# Faro Island squat.



## vindiboy (Jan 14, 2020)

We have just arrived at Faro Island from the Faro theatre parking where we spent 3 nights. A few vans here but many more across the causeway at the Airport squat. Weather a bit cloudy and windy today but warm still. Great surf and lots of folk in the sea enyoying it. We were here. 4 years ago and the little shacks that were peoples homes in the sand dunes were being knocked down as they were illegal it seemed. But wandering around today we found that lots had survived and were still being lived in, a new board walk has been installed through the surviving shacks and the whole area now looks great and secure, great news as I would hate to have seen their total demise as it is Portuguese heritage and fishermen's homes, so good news there.

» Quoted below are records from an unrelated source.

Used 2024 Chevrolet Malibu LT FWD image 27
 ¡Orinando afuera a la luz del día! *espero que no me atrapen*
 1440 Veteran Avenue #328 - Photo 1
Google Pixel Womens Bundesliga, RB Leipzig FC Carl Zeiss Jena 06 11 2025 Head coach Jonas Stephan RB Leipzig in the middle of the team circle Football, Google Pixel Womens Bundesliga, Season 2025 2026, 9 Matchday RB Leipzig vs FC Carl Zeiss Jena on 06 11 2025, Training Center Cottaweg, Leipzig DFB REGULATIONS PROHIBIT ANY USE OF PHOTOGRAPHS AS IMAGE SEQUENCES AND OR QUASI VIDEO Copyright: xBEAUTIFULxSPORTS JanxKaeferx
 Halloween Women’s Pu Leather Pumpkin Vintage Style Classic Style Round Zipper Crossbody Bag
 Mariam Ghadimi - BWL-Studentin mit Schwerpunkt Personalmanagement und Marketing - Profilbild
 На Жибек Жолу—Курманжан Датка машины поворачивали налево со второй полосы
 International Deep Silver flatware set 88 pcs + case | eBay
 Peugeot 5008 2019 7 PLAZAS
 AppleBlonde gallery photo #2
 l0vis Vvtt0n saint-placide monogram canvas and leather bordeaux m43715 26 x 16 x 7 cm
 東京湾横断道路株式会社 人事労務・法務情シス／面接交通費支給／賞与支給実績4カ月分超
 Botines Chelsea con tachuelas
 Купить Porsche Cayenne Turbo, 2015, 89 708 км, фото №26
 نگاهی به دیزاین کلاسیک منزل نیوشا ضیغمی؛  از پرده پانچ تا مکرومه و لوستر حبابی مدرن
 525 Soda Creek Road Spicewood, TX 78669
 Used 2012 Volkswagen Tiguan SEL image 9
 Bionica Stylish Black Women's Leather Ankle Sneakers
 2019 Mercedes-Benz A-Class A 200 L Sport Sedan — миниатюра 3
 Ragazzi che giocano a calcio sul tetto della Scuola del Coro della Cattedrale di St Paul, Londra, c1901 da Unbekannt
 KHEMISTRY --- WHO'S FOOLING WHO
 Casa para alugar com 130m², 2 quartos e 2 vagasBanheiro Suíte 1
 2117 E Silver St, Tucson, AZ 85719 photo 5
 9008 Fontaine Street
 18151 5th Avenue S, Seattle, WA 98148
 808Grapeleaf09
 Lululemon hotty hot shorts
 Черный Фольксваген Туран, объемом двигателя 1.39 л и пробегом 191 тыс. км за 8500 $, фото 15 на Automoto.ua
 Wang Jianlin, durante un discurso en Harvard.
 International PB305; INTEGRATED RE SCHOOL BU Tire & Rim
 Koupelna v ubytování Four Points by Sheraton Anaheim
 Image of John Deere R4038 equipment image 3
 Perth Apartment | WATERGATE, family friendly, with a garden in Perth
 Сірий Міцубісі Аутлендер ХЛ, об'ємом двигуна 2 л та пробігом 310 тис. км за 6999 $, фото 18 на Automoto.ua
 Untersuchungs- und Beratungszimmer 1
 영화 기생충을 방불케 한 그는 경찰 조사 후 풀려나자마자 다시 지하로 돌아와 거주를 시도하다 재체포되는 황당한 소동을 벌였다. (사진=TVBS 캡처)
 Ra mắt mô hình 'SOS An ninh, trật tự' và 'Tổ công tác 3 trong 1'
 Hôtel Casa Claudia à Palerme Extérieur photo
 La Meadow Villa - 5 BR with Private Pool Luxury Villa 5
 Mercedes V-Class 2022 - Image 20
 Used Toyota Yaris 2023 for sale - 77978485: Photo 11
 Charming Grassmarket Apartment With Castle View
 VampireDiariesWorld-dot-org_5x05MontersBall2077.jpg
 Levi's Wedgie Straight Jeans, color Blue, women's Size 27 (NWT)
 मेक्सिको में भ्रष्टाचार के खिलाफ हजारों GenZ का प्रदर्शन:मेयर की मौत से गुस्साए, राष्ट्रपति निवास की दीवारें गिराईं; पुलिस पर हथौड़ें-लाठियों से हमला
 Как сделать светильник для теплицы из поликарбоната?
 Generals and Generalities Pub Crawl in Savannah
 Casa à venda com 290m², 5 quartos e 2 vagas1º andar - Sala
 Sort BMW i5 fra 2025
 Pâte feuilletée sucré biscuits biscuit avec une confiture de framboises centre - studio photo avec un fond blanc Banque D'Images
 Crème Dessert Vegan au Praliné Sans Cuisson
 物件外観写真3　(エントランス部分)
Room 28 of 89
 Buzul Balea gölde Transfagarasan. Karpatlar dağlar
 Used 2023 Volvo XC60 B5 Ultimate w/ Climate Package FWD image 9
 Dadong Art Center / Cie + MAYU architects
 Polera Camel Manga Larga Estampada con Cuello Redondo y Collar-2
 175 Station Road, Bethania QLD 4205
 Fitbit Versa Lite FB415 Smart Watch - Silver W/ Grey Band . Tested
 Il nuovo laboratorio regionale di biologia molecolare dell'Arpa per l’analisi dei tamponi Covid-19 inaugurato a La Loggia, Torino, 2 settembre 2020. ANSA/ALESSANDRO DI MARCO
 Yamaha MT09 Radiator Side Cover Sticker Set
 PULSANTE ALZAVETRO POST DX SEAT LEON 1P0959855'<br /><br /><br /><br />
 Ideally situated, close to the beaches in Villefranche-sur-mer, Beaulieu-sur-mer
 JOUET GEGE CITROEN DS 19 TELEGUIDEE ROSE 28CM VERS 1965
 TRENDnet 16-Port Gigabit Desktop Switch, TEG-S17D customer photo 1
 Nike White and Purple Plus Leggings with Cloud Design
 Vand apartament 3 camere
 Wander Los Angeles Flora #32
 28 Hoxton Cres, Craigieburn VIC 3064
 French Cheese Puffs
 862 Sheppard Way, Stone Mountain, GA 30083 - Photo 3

New toilet and showers replace the old in the car parking and a relocated cassette emptying facility still all free so another good result for us vanners.


----------



## GinaRon (Jan 14, 2020)

so jealous


----------



## trevskoda (Jan 14, 2020)

Somewhere i have never been,why are them folks praying at what looks like a shower unit.


----------



## Glass man (Jan 14, 2020)

The week before Christmas a lot of sand was washed up from the beach and accross this area, obviously quite unusual. No worry for anyone staying there as the water ran under the vans and away.


----------



## vindiboy (Jan 14, 2020)

trevskoda said:


> Somewhere i have never been,why are them folks praying at what looks like a shower unit.


Well one is a Motorhomer getting water from what is actually a foot wash facility for washing sand off of ones feet after leaving the sandy beach, potable mains water by the way, the other man is a local Portuguese man washing cockles he has gleand from the beach, it all happens here hee hee.


trevskoda said:


> Somewhere i have never been,why are them folks praying at what looks like a shower unit.


One is getting potable water from the foot wash tap, the other is washing his cockles hee hee which he has collected from the beach, it all happens here. There are foot wash outlets here and cold showers above


----------



## mistericeman (Jan 14, 2020)

Looks like Jaywick....


----------



## martinmartin (Jan 14, 2020)

trevskoda said:


> Somewhere i have never been,why are them folks praying at what looks like a shower unit.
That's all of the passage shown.